Capacity markets in the UK
have the government acting as a central purchaser, a role already implicit in
its support for renewables and nuclear investment. This suggests formal
recognition of the need for a central purchasing agency, with a strong case to
make it at arms length from government, with at least some degree of insulation
from political interventions and interest group lobbying.
Point
V. Engagement of the consumer in demand
response programmes is widely anticipated as part of the future power sector,
and along with storage, one of the necessary responses to intermittent or
inflexible sources of generation. Current arrangements, which average
consumption load profiles across categories of consumer, do not allow for the
exploitation of advances in metering, communications and control technologies
which could transform the “consumer offering”, the way in which consumers buy
and use power. They will need re-design as part of a new architecture for the
sector.
Point
VI.
Decentralisation of significant and increasing parts of generation and storage
facilities for the sector also raises related issues. Inter alia this will put
a much larger onus on the operators of local distribution networks to balance
local loads and local generation, without necessarily reducing the importance
of the national system, which will continue to be an essential back-up and a
means of exploiting diversity between different sources of intermittent power.
This changes in fundamental ways the business model of conventional (local)
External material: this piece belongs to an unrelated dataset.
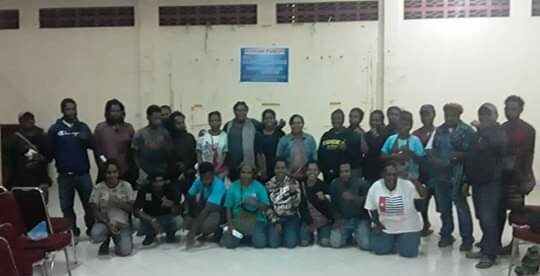 Gerakan Perempuan Revolusioner West Papua (GPRWP) usai mengadakan Diskusi Publik di Jayapura, Rabu 3/7/2019 (dok. KM)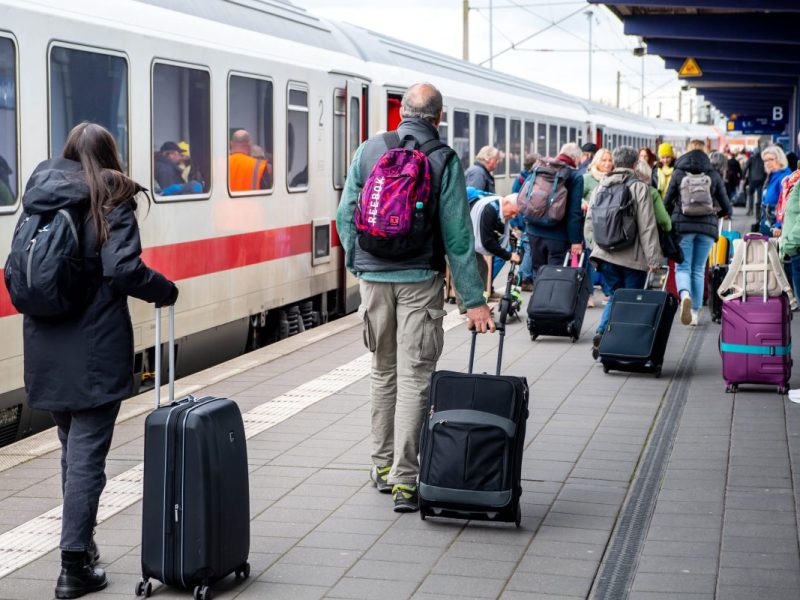 Deutsche Bahn ICE Bahnhof Reisende mit Gepäck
network utilities, inter alia placing a big emphasis on the structure of
network charges. This represents a major change from the status quo, not least
because it undermines the traditional practices of basing network tariffs
mainly on simple averaging of costs over all kWh.
These points add up to the
need for a comprehensive re-thinking of the “system architecture” for the power
sector and most likely for the energy sector more widely. System architecture
in this context means the totality of arrangements for the sector that
determine where technical and operating decisions are made, which parts of the
sector are primarily based on competitive markets or on coordination and policy
intervention, and the details of regulatory and market structures.
This submission remains
neutral on questions of technology choice, and is consistent with “consensus”
views of a balance between nuclear, CCS and renewables. It is also neutral on
the issue of public vs private ownership. The key issues are apportioning and
reconciling the roles of competition, coordination and command and control
elements required for the sector, and necessary policy interventions required
for ambitious emissions targets.
ADDRESSING
SPECIFIC QUESTIONS OF THE INQUIRY
Has
the market and the Government responded effectively to changes in external
circumstances, such as significant shifts in technology and prices?
De facto very significant
areas of decision making have moved from notional reliance on market forces to
actual dependence on government decisions. Little or no major generation
investment is anticipated without some form of direct government support or
guarantee, either through feed-in tariffs or long term contracts. Moreover the
introduction of capacity auctions, prima facie a market mechanism, is itself no
more than the institution of a form of central purchasing arrangement, since a
central body has to specify how much capacity is required and to define its
technical requirements. A competitive market to supply capacity will still
operate of course, but it will operate within parameters laid down by a central
agency.
A positive perspective on this
is that the government has clearly recognised the need to intervene, in order
to deal with some of the market failures identified above, including weaknesses
in current market structure. A more critical perspective is that it may lack
the technical and institutional competences to intervene effectively and
efficiently, and that this not a suitable role for a government department. In
my view there is a strong case for this role to be carried out by an
arms-length agency. This could take various forms, including that of a central
purchasing agency or augmenting the responsibilities of a body such as the
National Grid.
Markets themselves, in the
context of the power sector, are unlikely to be able to adapt to changing
external circumstances of the kind we are observing, and it will rarely be in
the interest of incumbent participants to change the rules. Previous changes to
market structure and design, including the 1990 structure and the 2000 NETA
reforms, have been the result of major policy and regulatory interventions.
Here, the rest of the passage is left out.